…Or, The Romance of the Chartered Yacht

How enticing it all seems when you’re first reading the brochure welcoming you to the beautiful catamaran “Cat Poo II” and its charming crew, Rodney and Fiona.  He’s a former Navy man who used to run a small destroyer and whose interests vary from deep-sea diving to hot-air ballooning.
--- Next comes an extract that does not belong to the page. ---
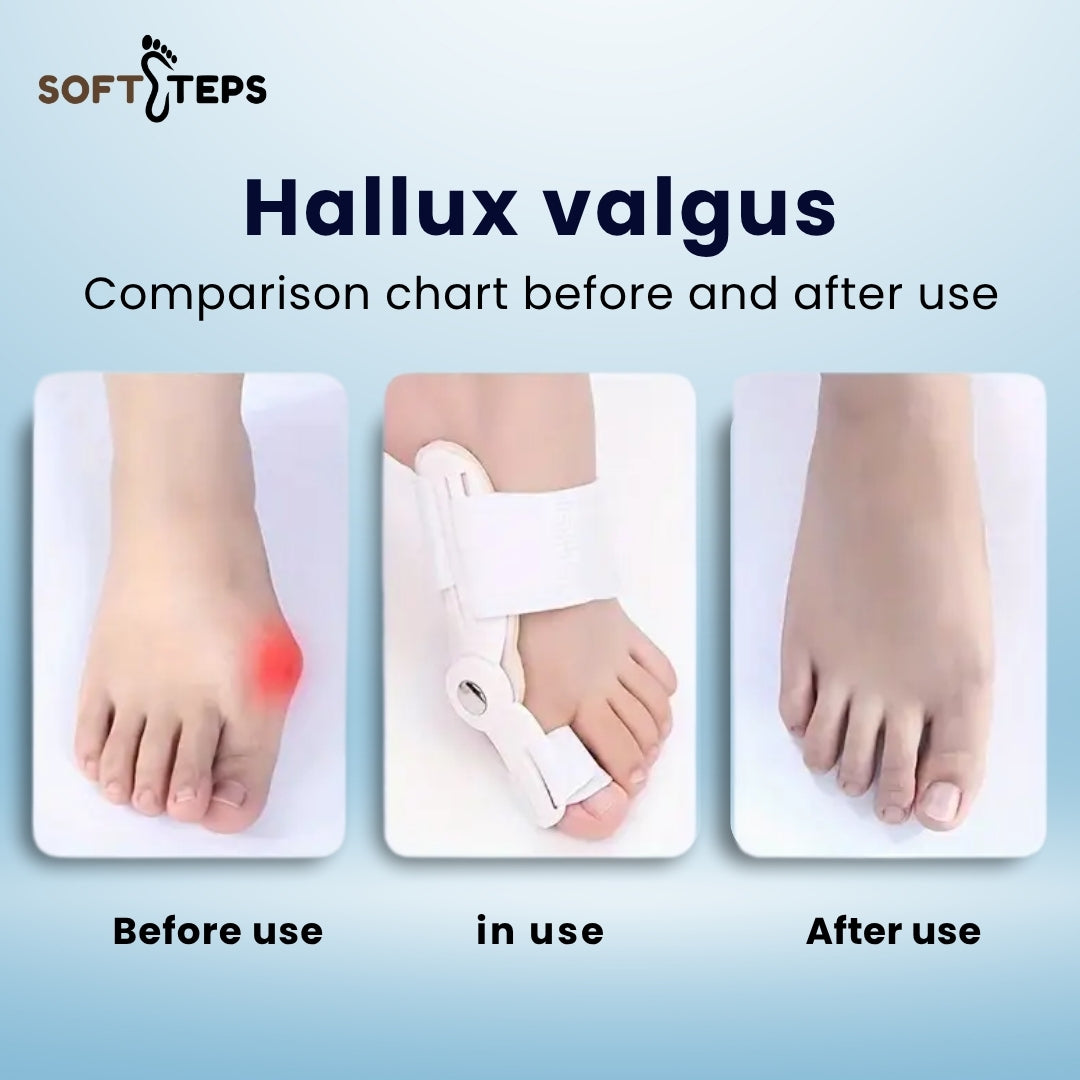 SoftSteps Bunion Toe Shaper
She’s a former OR nurse with degrees in early-child education and culinary arts.  In her spare time, she paints.  They both run marathons and between them they speak six languages.  “Oh, they seem perfect!” you think and hurriedly sign over the $20,000 to procure their services, and their splendid yacht, for a week.
    
Imagine your surprise, then, upon arriving at your chosen rendezvous, only to find that Rodney and Fiona are no longer running CPII; instead you have Bruno and Agnes.  He’s a former shepherd from Patagonia and she was a stay-at-home-mom until she lost the kids as a result of the rehab thing.  They both have their STCW 95 of course and he can sail a bit but she gets awfully seasick when the swell gets up.


    
Off you go on your swing around Nature’s Little Secrets, somewhat alarmed as your captain drives the boat with his brand-new Guide to the Various Virgins propped by the wheel, right next to his can of Red Stripe.  Agnes can be heard shrieking in the galley, which she calls the kitchen.  Things go well, though, since the food is edible and the drinks potent.  In fact, the trip slowly devolves into a series of riotous bacchanals interspersed with ferocious hangovers.  The small annoyances, such as being dragged from your bunk at 3am to guide Bruno as he resets a wandering anchor or being ordered into the dinghy to push the boat off that reef that’s not supposed to be there will, upon reflection, seem charming adventures. Not so the time when a naked Bruno staggered into your cabin waving a butcher’s knife and a giant cucumber, bleeding from a series of small cuts.  “What happens on the boat stays on the boat, right?”  Agnes tearfully beseeches you.  As you leave, you press a few soggy $20 bills into her hand, insisting everything was “fantastic, really fantastic.  No, really it was.”  You leap into the taxi, the better to escape Bruno’s scathing and obscene response that begins, “You ******* ungrateful bastards,” before soaring into the realms of the operatic, if not psychotic.
    
On the other hand, there you are, Fiona and Rodney.  You’ve spent every waking moment squeegeeing and polishing your beloved Cat Poo into a sort of floating jewel.  You’ve provisioned the galley with hard-to-find parts of semi-endangered species and the drinks cabinet is resplendent with one-of-a-kind rums and juices hand-pressed in the wee small hours. Anxiously you await your new guests, the Grumpletons, all eight of them (plus the nanny).  They’ve sent a preference sheet and a list of required items but you are hardly prepared for the demanding, fastidious gourmands who eventually arrive.  Nothing is good enough for them.  Your finest sauces are scraped from the fish.  Every attempt to take them to a preferred snorkelling spot is greeted with a sneer and a quick discussion in one of the languages they’ve decided you don’t speak.  At night you run from glass to glass, pouring away your beloved 50-year-old port and that fabulous organic Armagnac you so assiduously pursued.


    
Day after day—and this is a two-week charter—you run after the charming guests with a smile, frozen into a kind of rigor mortis, threatening to crack your newly whitened teeth.  The boat reeks of cigars even though you’ve told them you don’t allow smoking.  The kids demand that you drag them around behind the tender all day long. You worry about your fuel supply.  All along, though, you remind yourself that the tip will make it all worthwhile.
    
As they leave, they press a few soggy $20 bills into your hand and tears begin to pop from your eyes.  “Yes, it was lovely,” you insist, secretly cursing yourself for not leaping into their cabin with the butcher’s knife and the cucumber as you’d been so tempted to do.  At least they signed your guestbook! And they said such nice things, too.
    
So there you have it, the romance of the crewed yacht life.  Oh of course there are fabulous guests who invite crew to their Aspen getaways and insist on treating them to the Dove on the final night before pressing $5,000 into the captain’s ready palm, sobbing that they’ll “never, never forget this amazing time” as long as they live.  You can bet the crew will remember too, in the long, long weeks ahead.